ジュディ・ガーランド、フランク・シナトラをはじめ多くのアーティストから影響を受け、本作のモデルとなったドン・シャーリーもそのひとりと明かす綾戸。ニューヨーク滞在時代に“ニアミス”していたというエピソードも披露しつつ「ドン・シャーリーは、クラシックをやりたかったジャズプレイヤー。彼の演奏にはどことなくクラシックが見える。私とは反対で、音楽をやる手段がジャズかポピュラー音楽だった。だからジャズ界の中ではそれほど名が残らなかったのでは」と分析する。

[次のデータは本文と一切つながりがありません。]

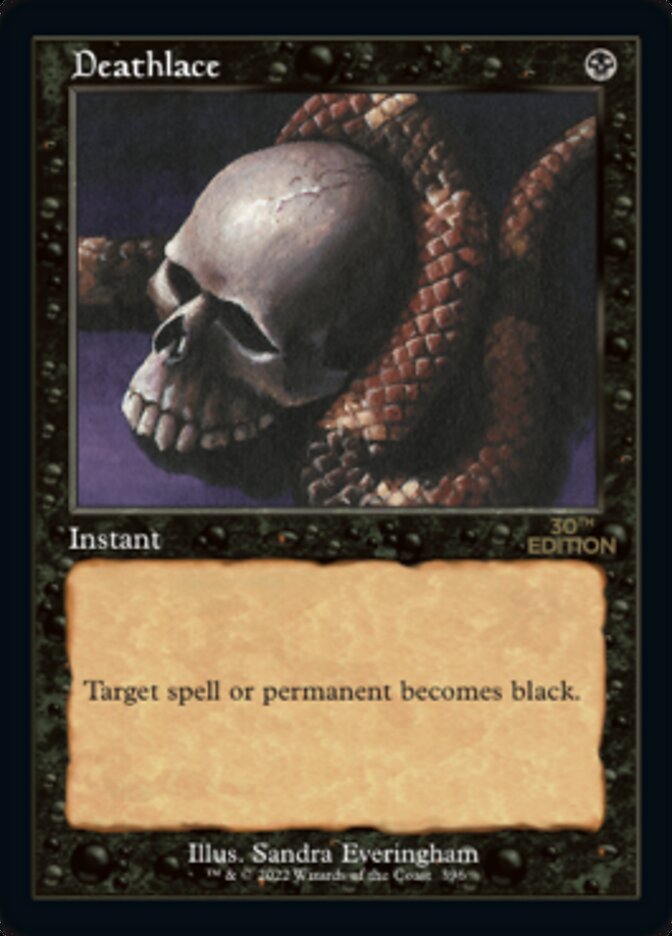 Deathlace (Retro) [30th Anniversary Edition] MTG Single Magic: The Gathering | Red Claw Gaming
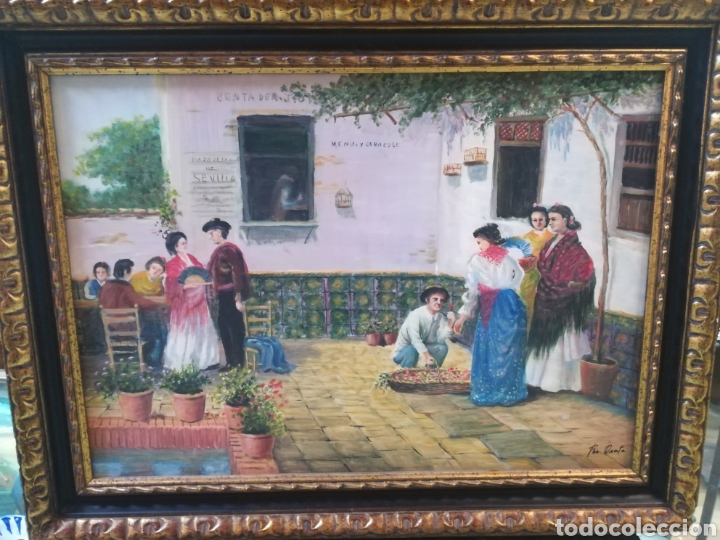 Arte: &Oacute;leo sobre tabla a&ntilde;os 50 - Foto 2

作品の見どころについて、「音楽の素晴らしさを(音楽家ではない)運転手の友人から教えられ、人生を変えられる」と2人の友情に言及。有色人種への差別など、社会問題も織り込んでいるが「彼は音楽で怒った。それが芸術家」「上から教えるような映画ではなく、人生経験豊かな監督がコメディにしている。心の深いところをえぐる作品」と、監督の手腕を称えた。
この日綾戸は、劇中のドクター・シャーリーが演奏した「ONE MORE FOR THE ROAD」など数曲を、映画と同じくアメリカの高級ピアノ、スタインウェイで披露。「ドン・シャーリーもスタインウェイにこだわった。なるべく少ない音で、喜びや悲しみを表現できる。私もスタインウェイじゃないときは曲を変えます。(1音1音に)あいうえおがついているようなピアノ」と、世界のピアニストから愛される名器の魅力を実演と共にアピールした。
「グリーンブック」は、3月1日から東京・TOHOシネマズ日比谷ほか全国公開。